Entretien avec Dominique Meurs, Professeure, Université de Paris Nanterre, EconomiX (UMR 7235), Ined, Chaire Travail (PSE) et Cepremap
En France, comme dans la plupart des pays, la lutte contre les discriminations est devenue une priorité politique. L’immense majorité des populations considère que les citoyens, quels que soient leur genre, leur origine, leur orientation sexuelle, leur physique, … doivent bénéficier des mêmes opportunités dans la société et que les rémunérations, à compétences et efforts égaux, doivent être similaires. Ceci a des conséquences sur les politiques publiques, mais aussi sur la gestion des entreprises privées.
Selon vous, qu’en est-il de l’impératif de l’égalité des rémunérations entre les femmes et les hommes ?

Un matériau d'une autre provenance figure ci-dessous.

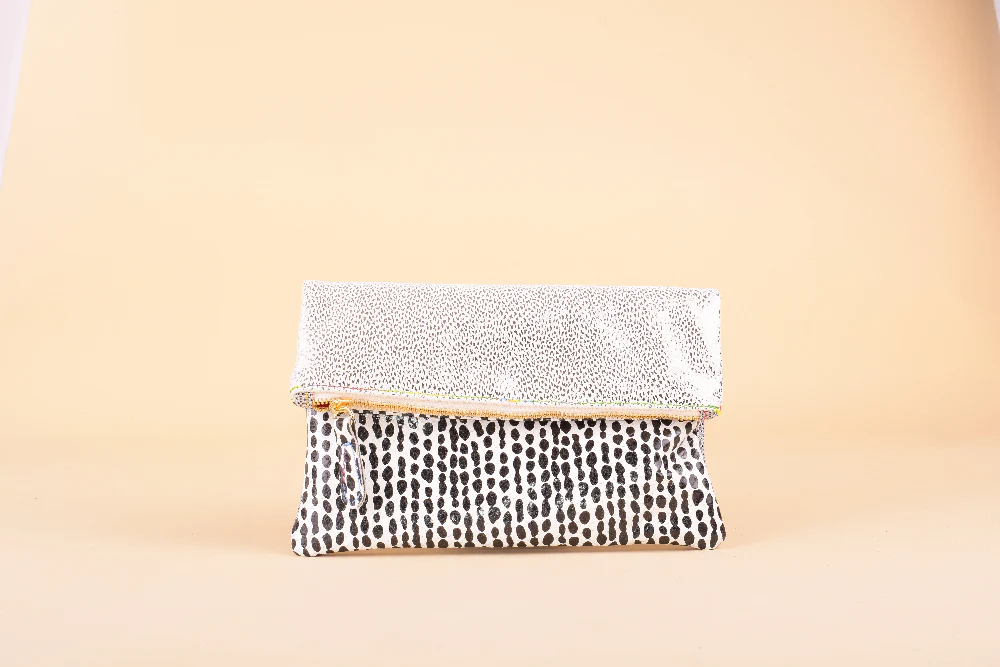 Minilie - Pochette in pelle patchwork - immagine 2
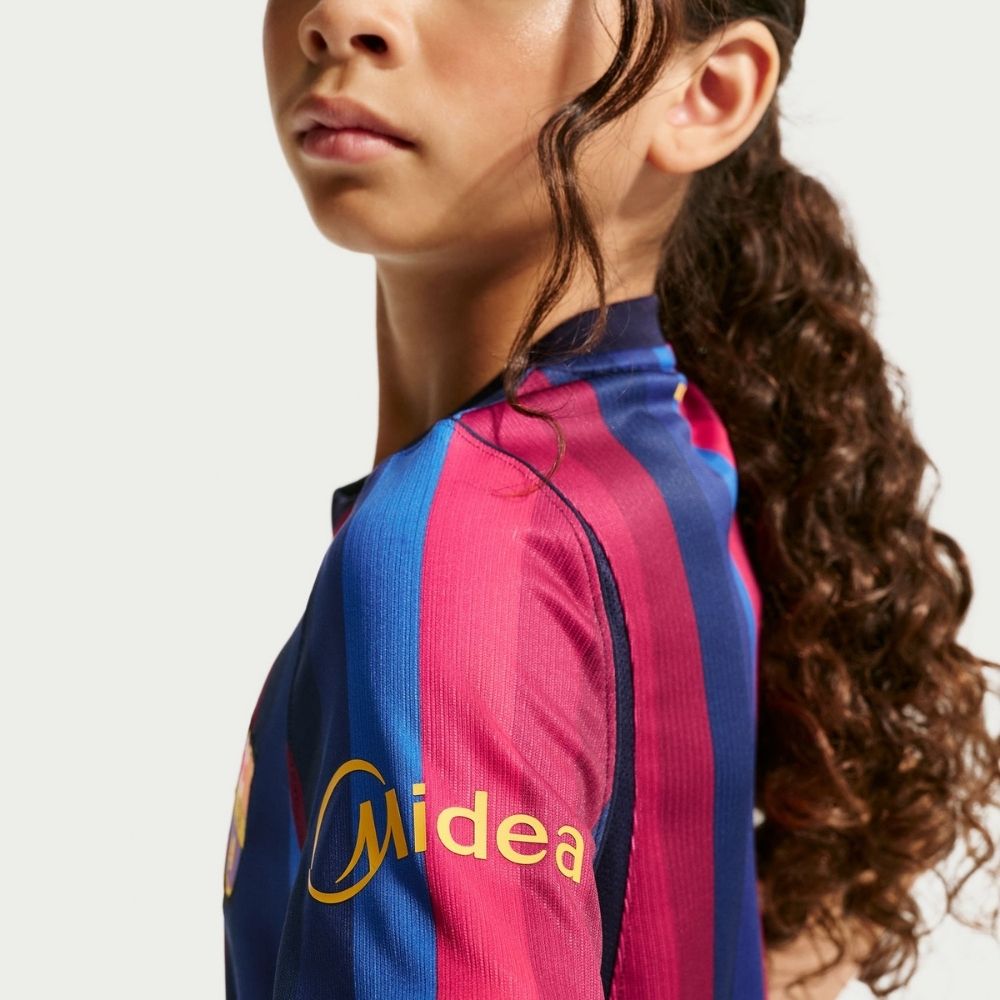 Nike Barcelona FC 26/27 Stadium Home Youth Jersey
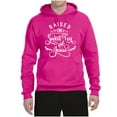 thumbnail image 2 of Wild Bobby Raised on Sweet Tea and Jesus Inspirational/Christian Unisex Graphic Hoodie Sweatshirt, Fuschia, XX-Large, 2 of 5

Si l’on considère les inégalités salariales entre les femmes et les hommes en France aujourd’hui, on observe souvent une impatience à constater la persistance depuis plus de 20 ans d’un écart brut autour de 25% entre les salaires des femmes et des hommes (tous emplois et temps confondus) et une confusion entre l’exigence d’être traité sans discrimination et la revendication d’égalité salariale stricte entre les femmes et hommes.
Cette incompréhension provient du fait que les différences des caractéristiques productives se sont considérablement estompées, voire renversées. En effet, les nouvelles générations de femmes sont plus diplômées en moyenne que les hommes, les mères conservent très souvent une activité professionnelle et concilient vie familiale et vie professionnelle, quitte à passer à temps partiel, le risque de chômage est semblable pour les deux sexes. Les emplois dans les services sont maintenant majoritaires, ce qui favorisent les femmes, et les professions qualifiées leurs sont toutes ouvertes. Et malgré tout, il reste cette pénalisation salariale importante et un accès difficile aux postes à responsabilité, tant dans de nombreuses entreprises que dans la fonction publique.
Le décret du 8 janvier 2019 était donc une nécessité pour faire avancer le sujet?
Le décret du 8 janvier 2019 répondait donc à une exigence forte pour faire bouger les lignes. En effet, malgré l’existence de nombreuses lois – loi 1972 sur l’égalité salariale, loi Roudy de 1983 avec l’obligation de présenter un rapport de situation comparée, la loi Génisson de 2001 et l’accent mis sur les carrières, enfin la loi Najat Belkacem, 2014 sur l’égalité réelle, avec une attention portée à la conciliation entre vie familiale et professionnelle, – la situation concrète n’évoluait pas beaucoup.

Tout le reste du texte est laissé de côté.